Billy Bridges trades sticks for stones

Louis Daignault
April 27, 2026

Para ice hockey star is Manitoba’s new skip at Canadian wheelchair curling championships this week

BOUCHERVILLE, Que. – When Billy Bridges tackles a new sport, he means business.

The six-time Paralympian in Para ice hockey returns to the Canadian Wheelchair Curling Championships this week representing a new team. The event, which got underway on Monday, runs until Sunday.

He is skipping Team Manitoba, where his wife – former women’s national hockey team goalie Sami Jo Small – is from.

The couple spend significant time there visiting family and running a summer girls’ hockey school.

“I love Manitoba, it’s like a second home now,” Bridges said.

A couple of years ago, a neighbour with decades of wheelchair curling experience nudged him towards the local club. What began socially quickly turned competitive.

‘’I quickly became addicted,” Bridges told CPC in an interview last Friday. ‘’This year I played 155 games… and that doesn’t include practices.’’

For an athlete who admits ‘’it’s hard to half-ass anything’’ it isn’t surprising he’s gone from newcomer to national level skip so quickly.

On the curling sheet, Bridges brings a leadership style shaped by years in elite team environments. As a skip he says he emphasizes communication and trust which are principles he carried over from hockey.

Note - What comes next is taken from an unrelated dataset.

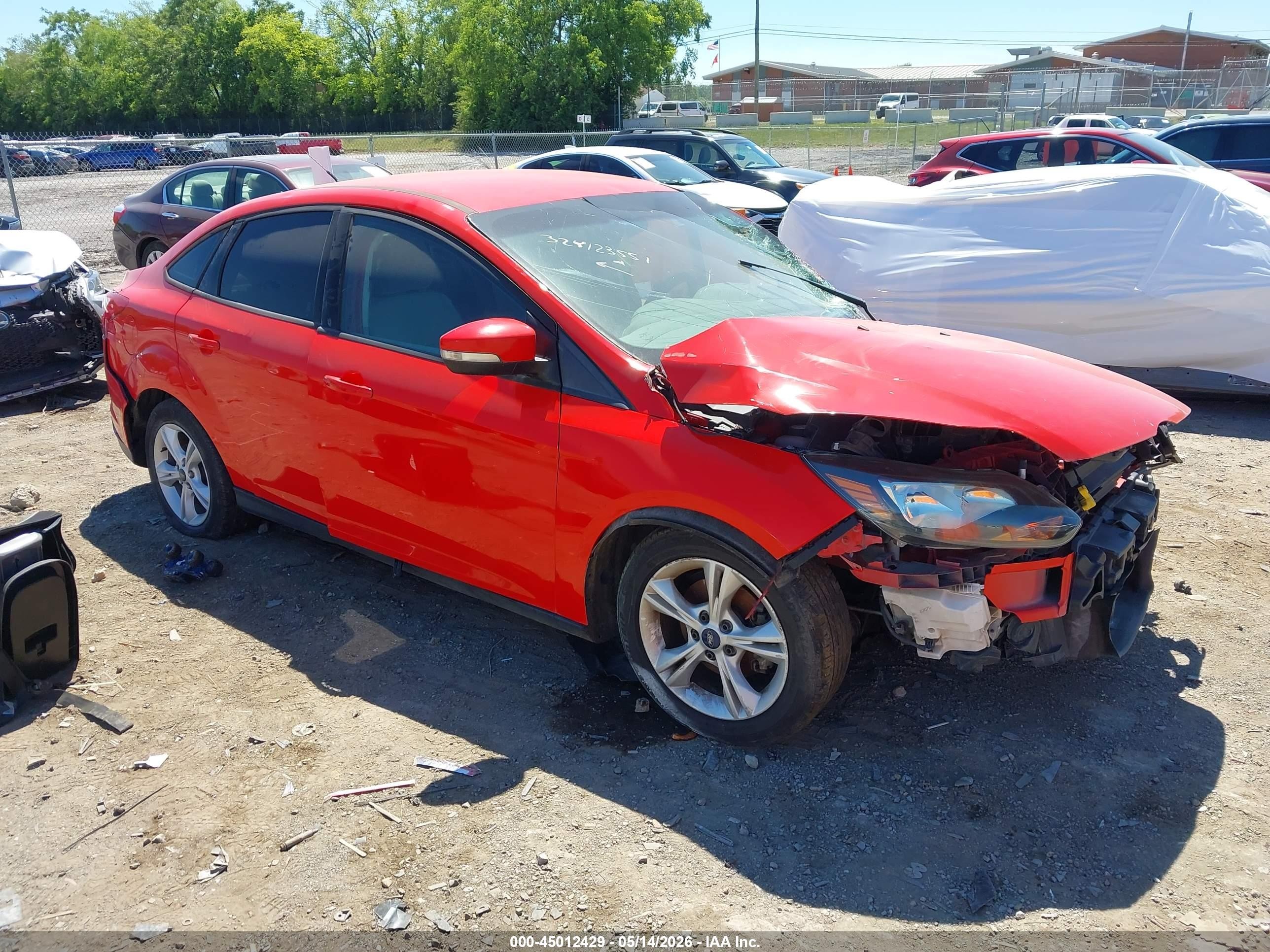 2014 Ford Focus Se Red vin: 1FADP3F20EL411868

‘’You can get so tunnel vision in your own ideas,’’ said Canada’s all time leading scorer with the Para ice hockey national team. ‘’You need a good team behind you and if you’re not a good communicator, they’re never going to tell you.’’

For Bridges, mastering draw weight, building a full range of shots, and reading ice conditions are the steepest learnings in his new sport.

‘’Not everything can be solved with a slapshot,’’ confirmed Bridges, who has also played at the national level in wheelchair tennis and wheelchair basketball and is now a national level thrower in Para athletics.

He realizes that one day going to the Paralympic Games in a new sport is a very ambitious goal. But he won’t have any regrets.

‘’I do know what it takes to get somewhere at the highest level,’’ said the Mississauga, Ont. resident. ‘’I might not have the skill to get there but I’m never going to say I didn’t put in the effort.’’

Bridges was elated with Canada winning the wheelchair curling gold medal at the Paralympic Winter Games in Milano Cortina in March. A veteran squad, Bridges knows most of the players from past Games.

‘’I’ve always been a big fan of that entire team,’’ said Bridges. ‘’Every Paralympics that we’ve been to, we’ve been in the same village as the curlers and I’m good friends with Ina (Forrest), Mark (Ideson), and Collinda (Joseph).

‘’It was just so exciting to see them get over that semifinal hump. They were communicating well and really made China look pretty average, which is a huge credit to that team and what they accomplished.’’

Just prior to this week’s nationals, Bridges ran into Ideson at a local Bonspiel.

‘’I always try to pick his brain and ask him what I should be working on,’’ Bridges said. ‘’He’s like, well, if you’re playing 200 times a year, then you’re probably working on it.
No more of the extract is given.